2. Eight Quick Specific Predictions
- Ethical rules designed for the twentieth century will increasingly cause difficulties for the twenty-first century of legal practice, especially as some states take a more aggressive approach to regulation. The trend seems to be that states want to treat technological innovations in a negative light and do not adequately account for the role of the Internet in commerce.
- Blogs will attract much less attention in 2006 as interest shifts to RSS feeds and other forms of using technology to communicate with clients and market practices. Blogging will still be quite important, mind you, but it will be recognized as a tool that is appropriate in certain settings, not as a universal solution. Group blogs and blog networks will be the developments to watch in legal blogging. Legal bloggers will continue to have a lot of fun and be a growing influence outside the legal profession.
- The wait until new versions of Windows and Office will prompt a small, but significant, growth in the use of Macintoshes and non-Microsoft software options. In Microsoft's favor, however, will be the growing interest in OneNote as an excellent tool for lawyers.
- The ability to seamlessly share information among a variety of electronic discovery tools will become one of the key features to look for in electronic discovery tools. Expect to see more EDD vendors cooperate on this front.
- The legal world will continue to evolve into a PDF world. PDF is becoming the standard format for e-filing, for scanning documents in electronic discovery and for safely sending documents. Adobe Acrobat will become an essential tool for lawyers.
- Law firms focusing on their core businesses will turn a variety of "essential" technology functions over to third parties, including security, disaster recovery, network maintenance, help desk and user support, web hosting, and even email. What is your firm's core business?
- Document assembly will make a strong return into the legal market. The most interesting developments will not be internal processes at law firms, but document assembly applications directed to (or developed specifically for) clients and delivered over the Internet. DealBuilder has turned some heads in this area.
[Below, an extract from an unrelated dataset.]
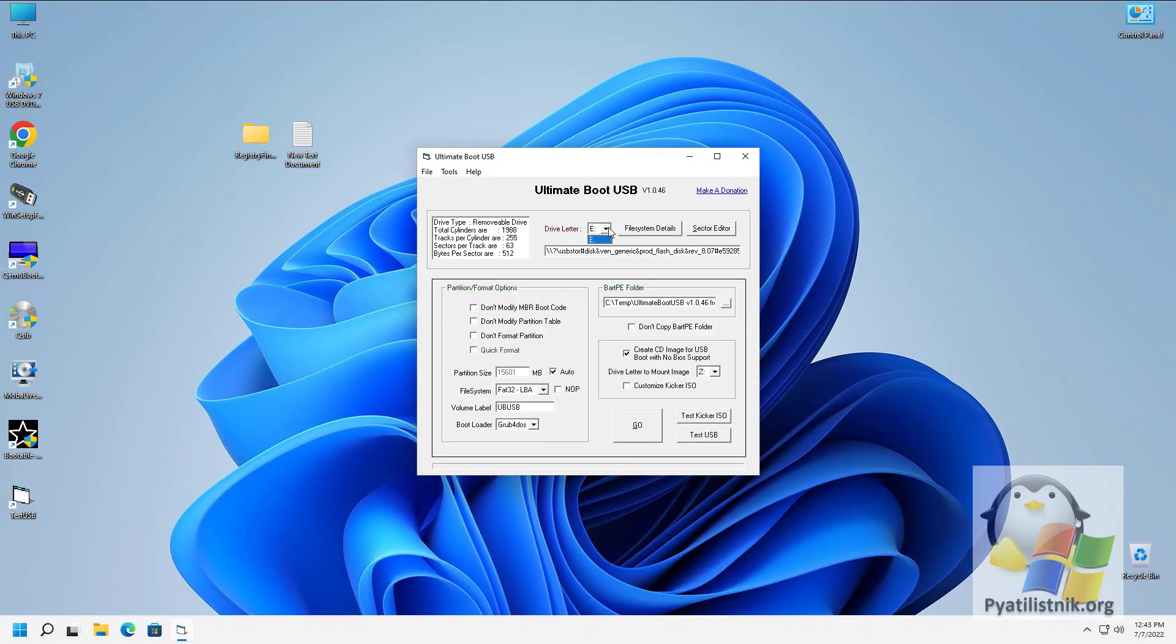We select the desired letter of the tested media. The utility, unfortunately, does not allow you to allocate more memory, but 512MB will be enough. To start testing, press the Tesser USB button.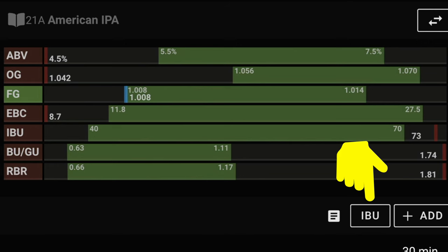Brewfather has a button that allows for fast IBU changes as shown on screen now which is positioned under the style statistics box at the top right hand side of the screen. Clicking the IBU button brings a value entry box up like we saw with BU-GU so let's look at the changes of IBU with an easy format for viewing.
- Some innovative law firms will increasingly apply technology to create and use analytical tools that benefit their business and improve their services and profitability. To get a few ideas, look at Thomson's Firm360 and John Alber's recent article called ERPs or Data Warehouses for Law Firms on LLRX.com.
In a way, I'm seeing two worlds for technology in the legal profession in 2006.
In the first world, which covers most law firms, I expect to see a bit of a lull in major efforts and a chance to slow the pace or stretch out the plans a bit. As I have said, that is not an unreasonable approach, as long as you don't try to fool yourself into thinking that you can get away with doing nothing at all. Money and effort can be productively targeted at training, tools that make lawyers more productive and their jobs easier, client-driven technology, Internet efforts and streamlining your technology while planning for 2007. That's the conservative world of small steps.
In the second world, you will see the innovators. Often, these will be firms that already have a technological advantage over their competitors and have the chance to greatly widen the gap. They have a cornucopia of options. What's more, it will be a buyer's market for these firms, with substantial opportunities to seek discounts and have vendors work closely with you in your efforts. That's the innovators' world of (potentially) giant leaps.
We will definitely see many more small steps than giant leaps for law firms in 2006. However, when I think back to watching grainy black-and-white images of Neil Armstrong on the moon in 1969, I realize that it will be the efforts to make the giant leaps with legal technology that I will be watching most closely in 2006.